Ciao Max, cosa ricordi di quel periodo?
«Vivevo in un paesino vicino a Vibo Valentia, che si chiama Piscopìo, e c'era una piccola società con un tavolo da tennistavolo e un pallone. Avendo mio fratello maggiore Gerardo che giocava già a ping pong ed era campione regionale, è stato facile per me, a sei anni, scegliere la racchetta. Passavo con lui del tempo al pomeriggio e al Centro Garibaldi, se vogliamo, è iniziata la mia carriera».
Quando sono arrivate le prime vittorie?
«A dieci anni mio fratello e altri componenti della squadra dovevano andare a Napoli, a disputare un torneo interregionale. Un ragazzo era però caduto dal motorino e si era fatto male. Siccome avevano bisogno di un terzo, hanno portato me. Sono andato per fare numero e invece ho vinto singolo, doppio e misto. Era presente alle gare Nunzio Sorrentino, che in vista dell'apertura del Centro Federale di Fiuggi, ha preso informazioni su di me. Ha parlato con mio padre e l'anno dopo sono entrato a Fiuggi. Ho in pratica aperto il Centro e l'ho pure chiuso, con Guido Aliberti e Vittorio Collalti, che con me si sono poi trasferiti a Terni».
Il tuo debutto in azzurro è stato precocissimo. Quanti anni avevi?
«Solo 13, mi ha fatto esordire Milan Stencel nel match contro l'Austria. I primi Mondiali sono stati a Chiba nel 1991 a 16 anni».
Riesci a fissare una vittoria speciale ottenuta in Nazionale?
«Ce ne sono molte, ma penso che il successo più significativo sia stato quello ottenuto su Jörgen Persson, nella semifinale mondiale contro la Svezia. Eravamo davanti a tremila persone e il mio avversario era stato iridato in singolo, in doppio e a squadre e al momento della sfida era il numero 9 al mondo. Un altro ricordo particolare è legato all'ultimo match che fece il grande francese Jean-Philippe Gatien alle qualificazioni olimpiche di Linz, in Austria, nel 2004. Lo battei e andai avanti nel tabellone, dove poi perdetti dal cinese Feng Zhe, risultando secondo fra i non ammessi. Grazie però a Yang Min, che si era qualificato in singolare, fui convocato per giocare il doppio con lui ad Atene».
Che flash hai di quei Giochi?
«Molto belli. Facevamo colazione con campioni del calibro di Giovanna Trillini, Andrea Giani e Jury Chechi. Una mattina ero con la Tan Monfardini e mi sono girato. Alle mie spalle c'era un gigante enorme, il cestista cinese Yao Ming.
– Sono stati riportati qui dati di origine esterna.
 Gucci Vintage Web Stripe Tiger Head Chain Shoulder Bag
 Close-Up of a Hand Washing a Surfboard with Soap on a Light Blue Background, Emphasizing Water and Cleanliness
Temendo il peggio l'ho saluto con un "My friend". L'Olimpiade è stata veramente la ciliegina sulla torta della mia carriera».
I 10 titoli italiani di singolare hanno fatto la storia.
«Quando sono arrivato a nove, e ho superato Massimo Costantini con otto, avrei voluto smettere. Patrizio Deniso mi ha convinto e fare cifra tonda e a raggiungere i dieci. A 31 anni ho deciso di non partecipare più ai tricolori e l'anno dopo ho dato l'addio alla maglia azzurra. A dire la verità mi sono un po' pentito e, se avessi potuto tornare indietro, qualche anno in più lo avrei fatto. Penso che avrei potuto ancora dare molto».
Quali sono stati gli allenatori più importanti per te?
«Ne ho avuti parecchi, ma quelli fondamentali sono stati il croato Milan Stencel, Patrizio Deniso e il cinese Cai Zhenhua, che ha guidato la Nazionale dal 1985 al 1989 e oggi è il presidente della Federazione Calcio nel suo Paese».
Cosa ti ha permesso di arrivare così in alto?
«Sicuramente il carattere, perché non avevo paura di nessuno. Avevo anche un'ottima tecnica, specialmente di rovescio, e una notevole potenza, tanto è vero che mi chiamavano "mano di pietra" e mi dicevano che quando giocavo si sentiva la vibrazione della racchetta».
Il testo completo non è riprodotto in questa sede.